# [Exercise directions]
Each line in the material below, starting at the one that contains "4370 Pond Lily Lane Lake Worth FL 33467" and ending at the one that contains "Queen Boutique Hotel", should be repeated exactly; the pictures should not.

# [Working data]
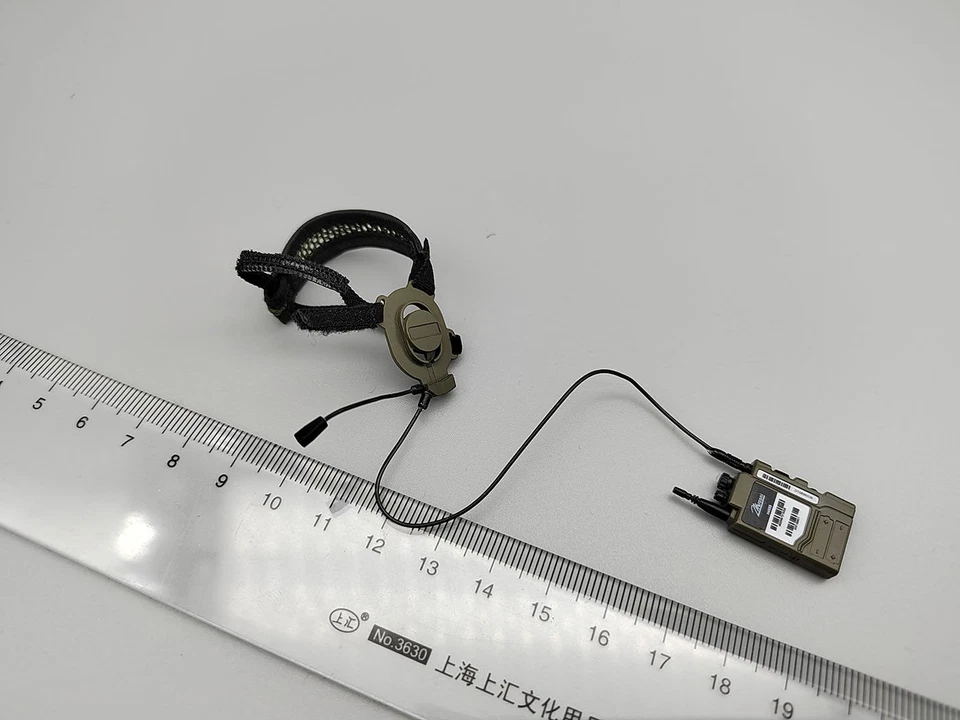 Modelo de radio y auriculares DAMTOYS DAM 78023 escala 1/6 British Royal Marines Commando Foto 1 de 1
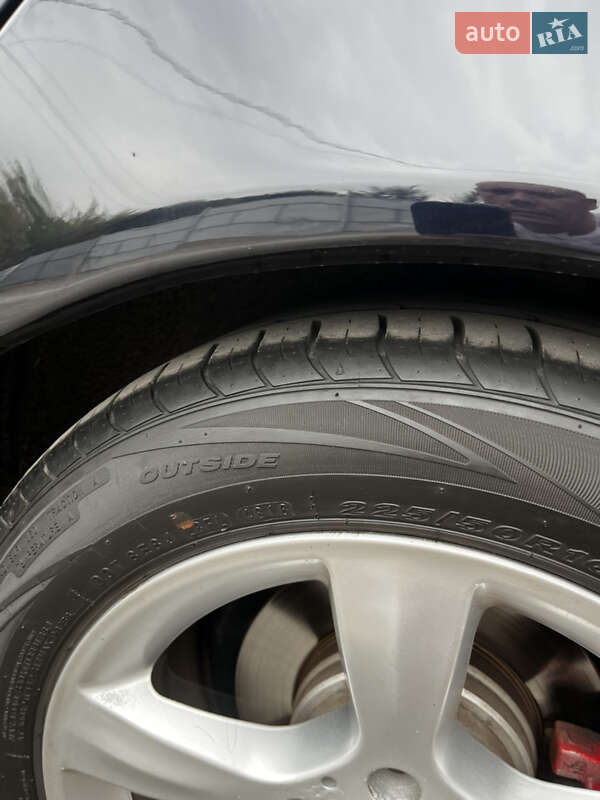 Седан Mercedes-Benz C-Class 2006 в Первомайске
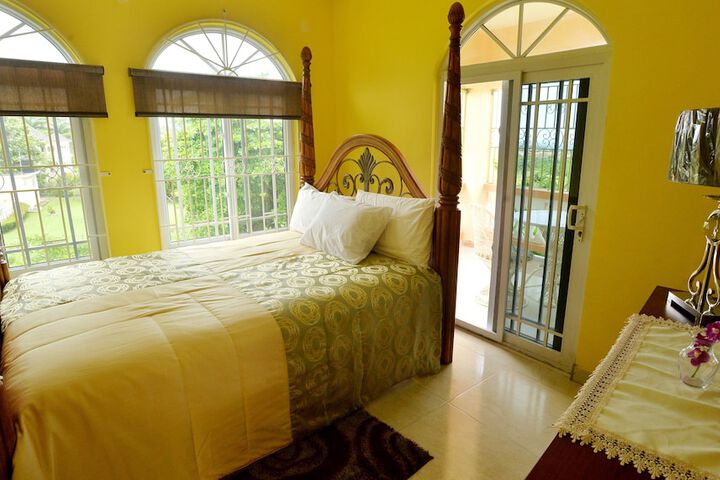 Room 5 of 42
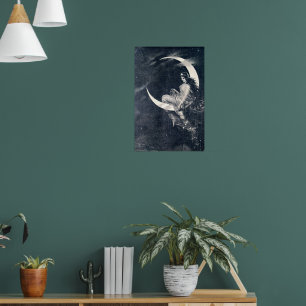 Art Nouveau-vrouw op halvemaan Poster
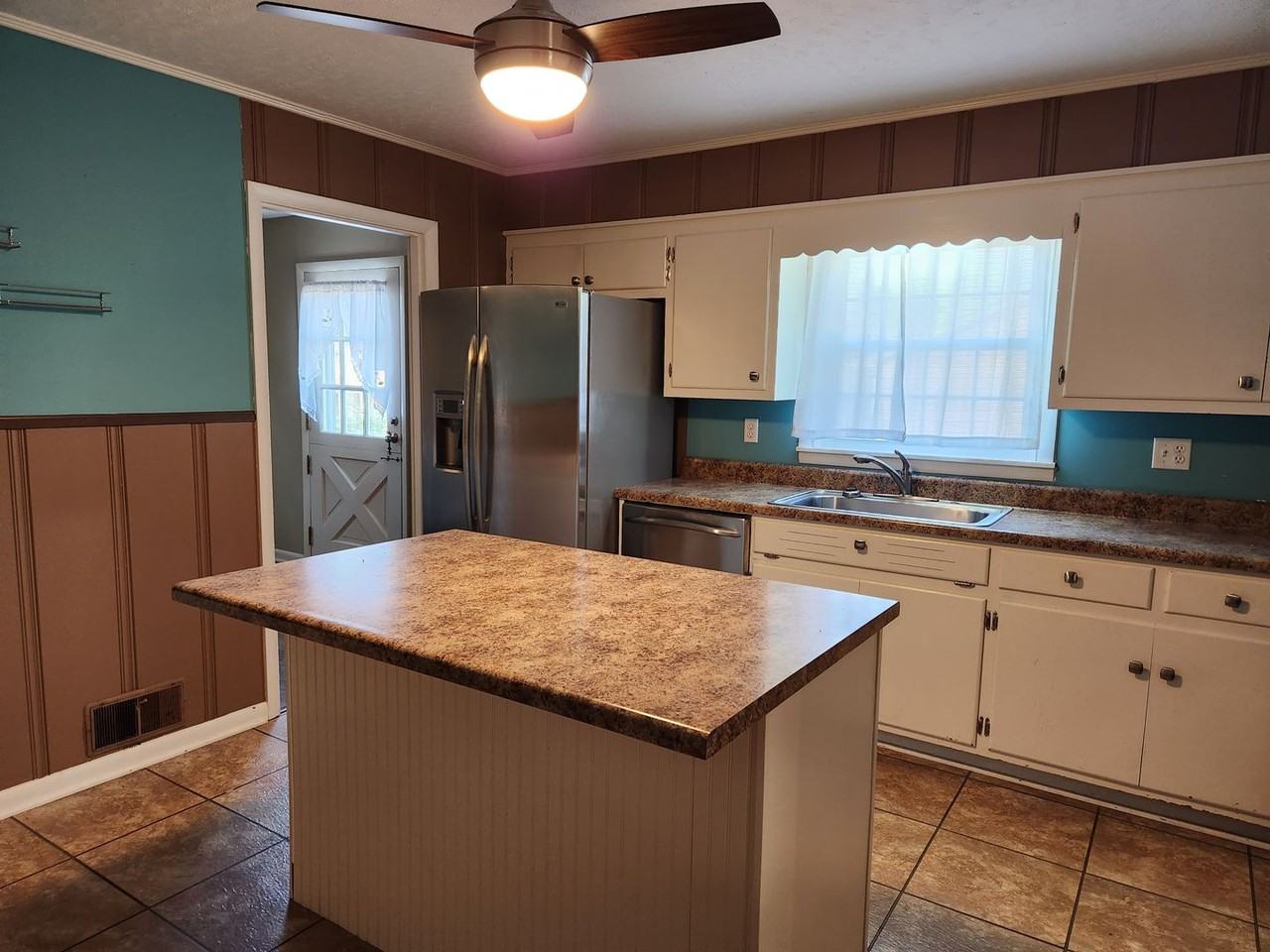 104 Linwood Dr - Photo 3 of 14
* * *
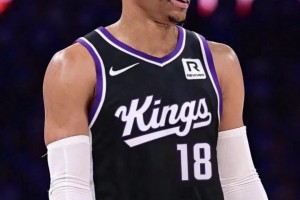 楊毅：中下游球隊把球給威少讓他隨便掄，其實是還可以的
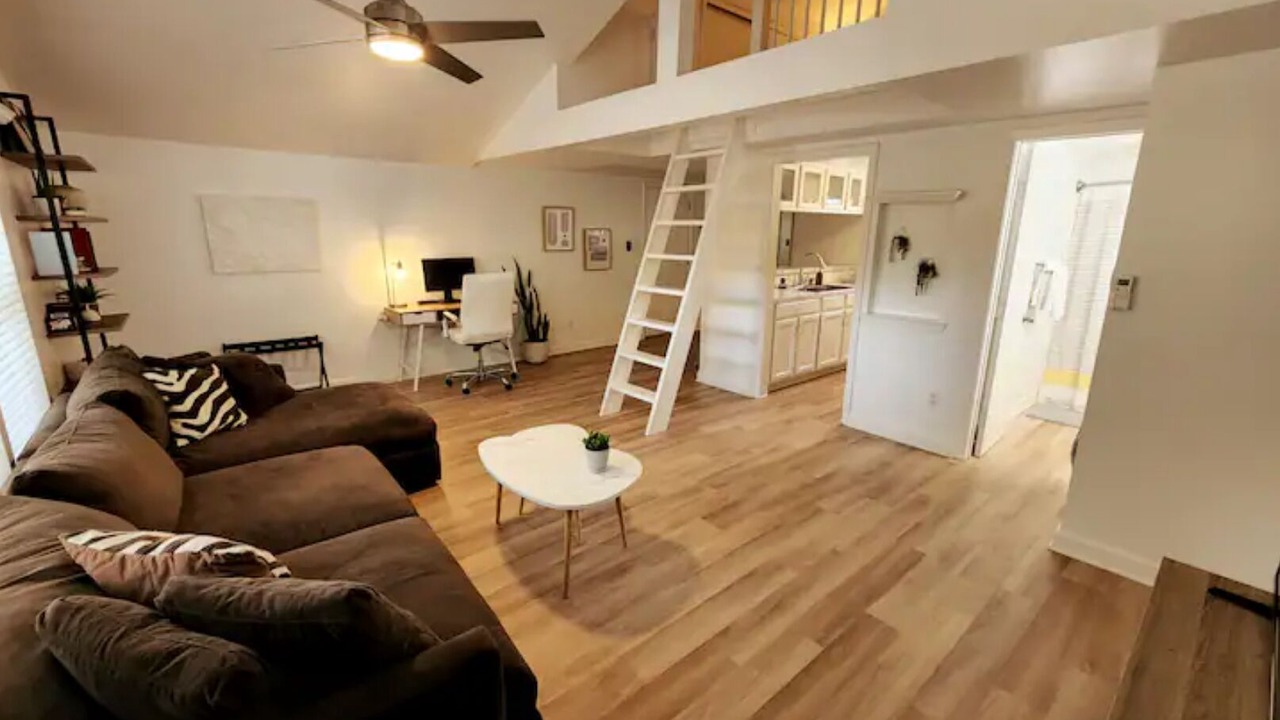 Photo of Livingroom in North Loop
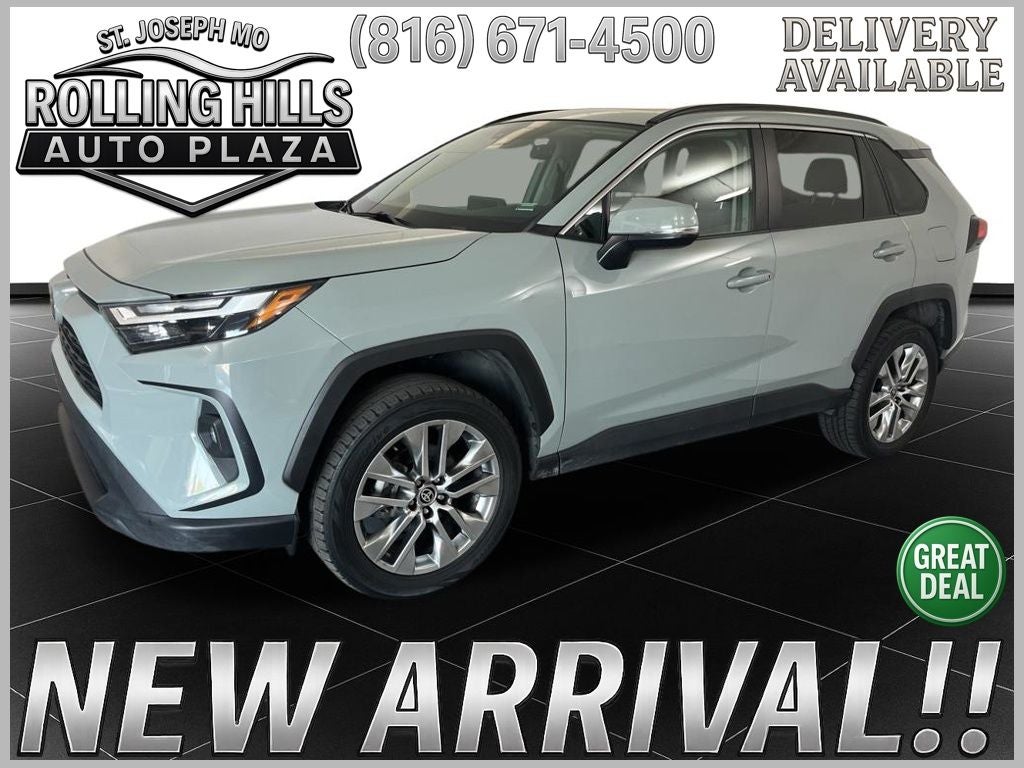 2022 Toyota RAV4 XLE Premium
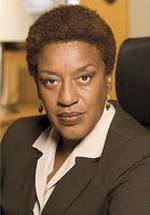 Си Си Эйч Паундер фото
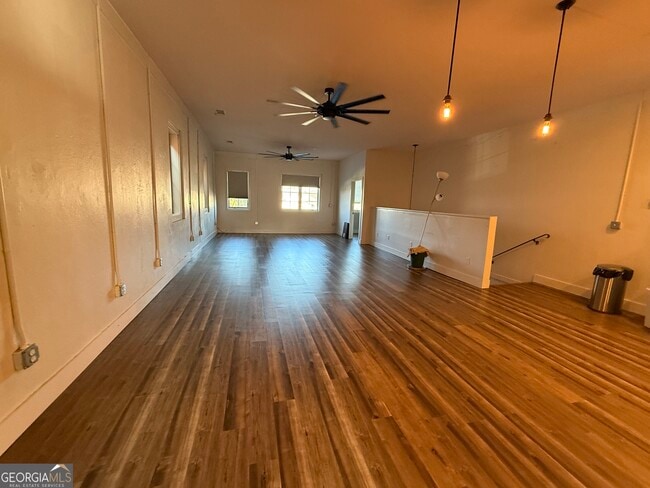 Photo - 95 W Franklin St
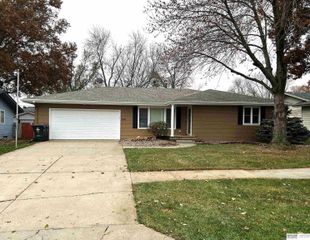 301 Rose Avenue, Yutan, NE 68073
==
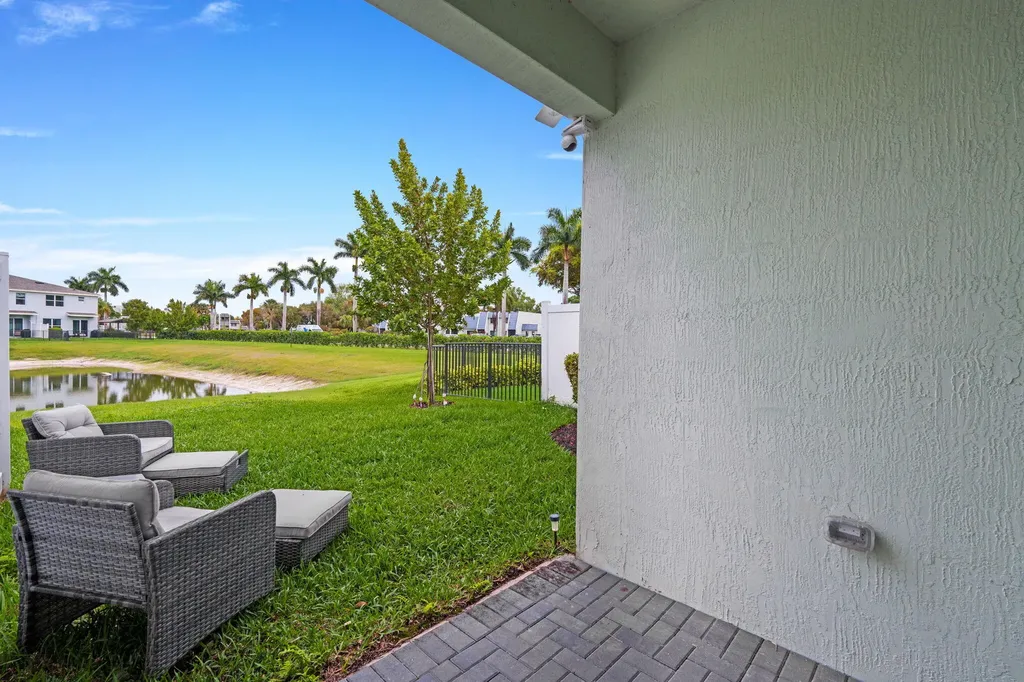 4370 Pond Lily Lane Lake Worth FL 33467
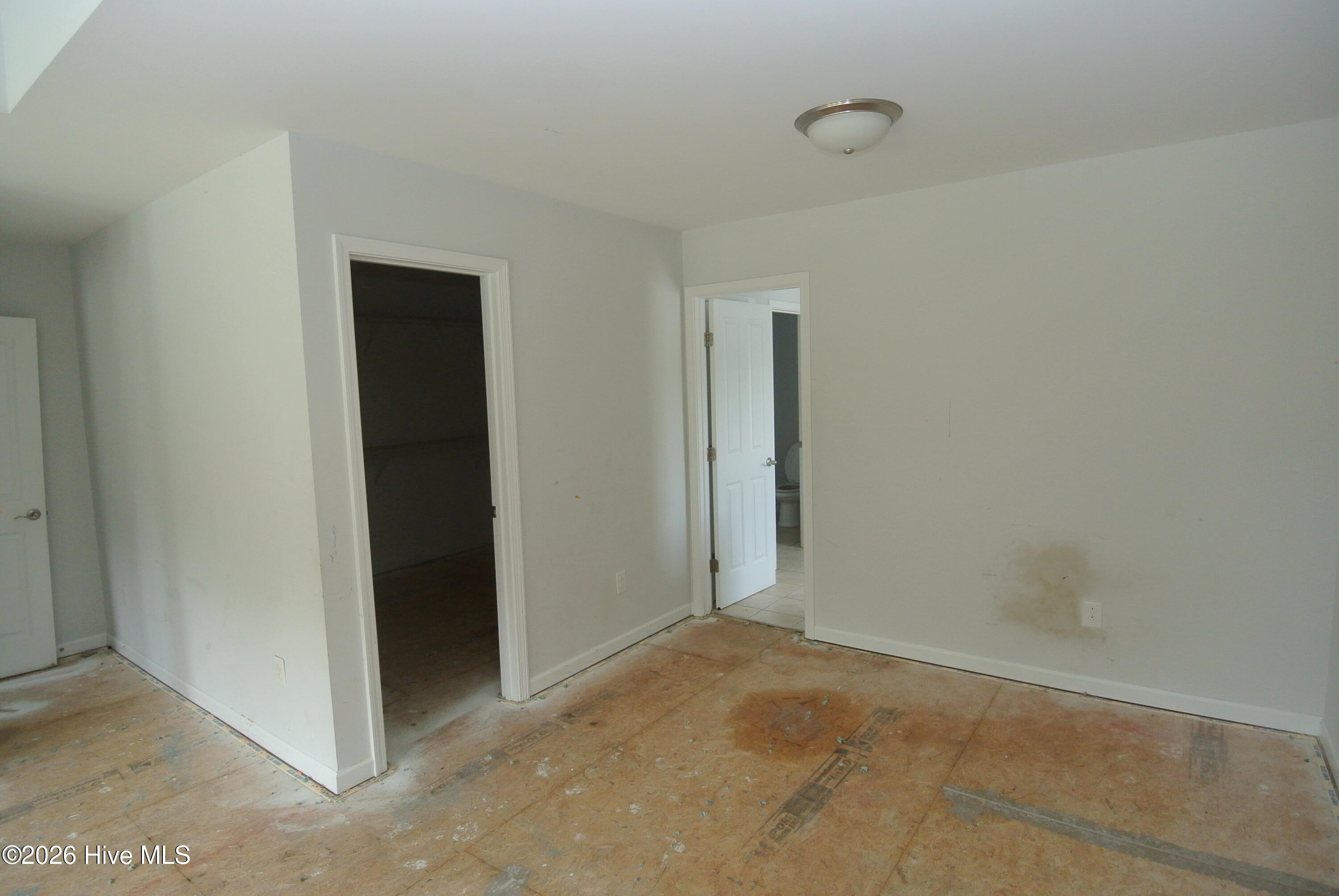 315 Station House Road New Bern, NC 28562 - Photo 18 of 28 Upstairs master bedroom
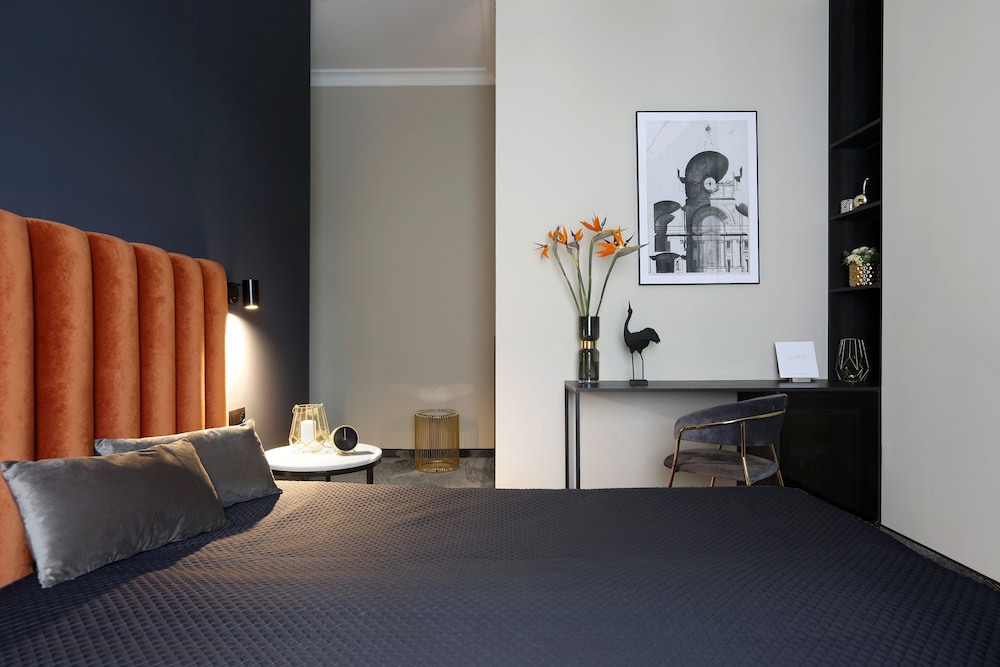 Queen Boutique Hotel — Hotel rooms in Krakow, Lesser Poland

# [The completed task]
 4370 Pond Lily Lane Lake Worth FL 33467
 315 Station House Road New Bern, NC 28562 - Photo 18 of 28 Upstairs master bedroom
 Queen Boutique Hotel — Hotel rooms in Krakow, Lesser Poland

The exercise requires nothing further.